Spitler is accused of writing a script called the "iPad 3G Account Slurper" and using it to harvest AT&T customer data via a brute force attack on the site, which fooled the site into revealing the confidential information, according to the criminal complaint filed last week but unsealed and released publicly today.
The complaint includes Internet Relay Chat messages supposedly sent between Auernheimer and Spitler in which they talk about selling the e-mail addresses to spammers, shorting AT&T stock before releasing details of the breach, and destroying evidence.
"If we can get a big dataset we could direct market iPad accessories," Auernheimer says in a message to Spitler, according to the complaint.
In another chat session included in the complaint, Spitler says he would like to stay anonymous so he doesn't get sued. "Absolutely may be legal risk yeah, mostly civil you absolutely could get sued," Auernheimer replied, the complaint read.
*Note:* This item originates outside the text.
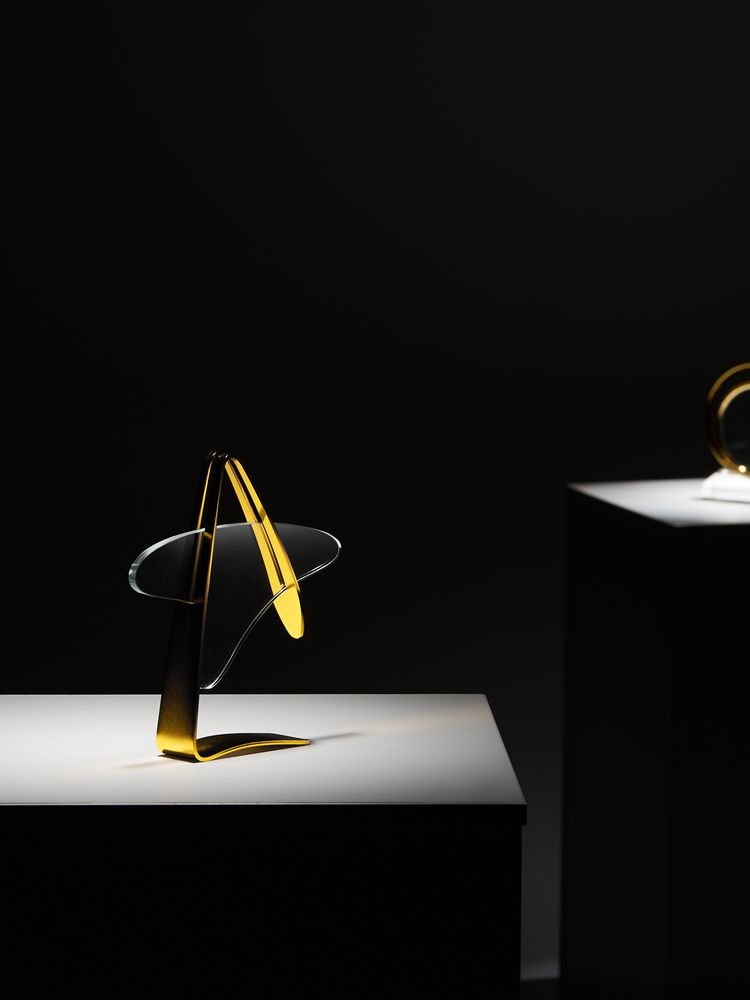 Стела Stellar Cast-3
Before going to Gawker, Auernheimer also allegedly contacted Thomson-Reuters and the San Francisco Chronicle, and sent an e-mail to a board member at News Corp. whose e-mail address was leaked in the breach in attempts to get news articles written about the incident, according to the complaint.
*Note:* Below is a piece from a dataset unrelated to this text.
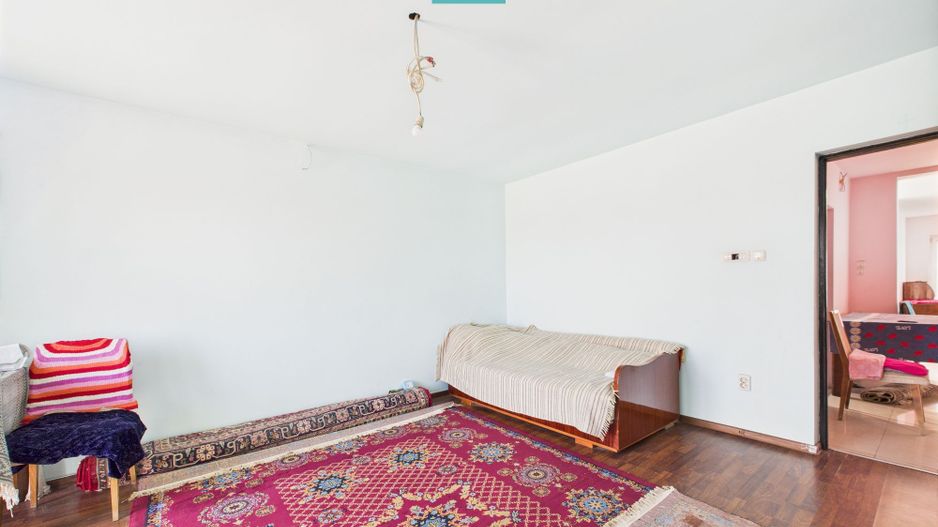 Casă P+E+M în zona Mehala pe arteră principală - Poză 11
Asked if he reported the hole to AT&T, Auernheimer replied "totally but not really...I don't (expletive) care I hope they sue me," according to the chat logs.
"Those chats not only demonstrate that Spitler and Auernheimer were responsible for the data breach, but also that they conducted the breach to simultaneously damage AT&T and promote themselves and Goatse Security," the U.S. Attorney's office said in a statement.
AT&T has spent about $73,000 as a result of the breach, including contacting all iPad 3G customers to notify them, the complaint says. Among the iPad users who appeared to have been affected were White House Chief of Staff Rahm Emanuel, journalist Diane Sawyer, New York Mayor Michael Bloomberg, movie producer Harvey Weinstein, and New York Times CEO Janet Robinson.
Auernheimer told CNET last summer that the data exposed in the breach was contained. The concern was that iPad users who had their e-mail addresses exposed would then be at risk of receiving phishing or spam e-mail that appeared to be from Apple or AT&T but which was designed instead to trick them into revealing more information or downloading malware.
Auernheimer did not return an e-mail seeking comment, and Spitler could not be reached. AT&T did not immediately respond to a request for comment.
Auernheimer, a self-described Internet "troll," was arrested last June when authorities found drugs while searching his home for evidence related to the AT&T-iPad investigation. He was later released on bail.
Updated 5:20 p.m. PDT with details on Spitler release on bail, Auernheimer held pending bail hearing and their comments inside and outside court.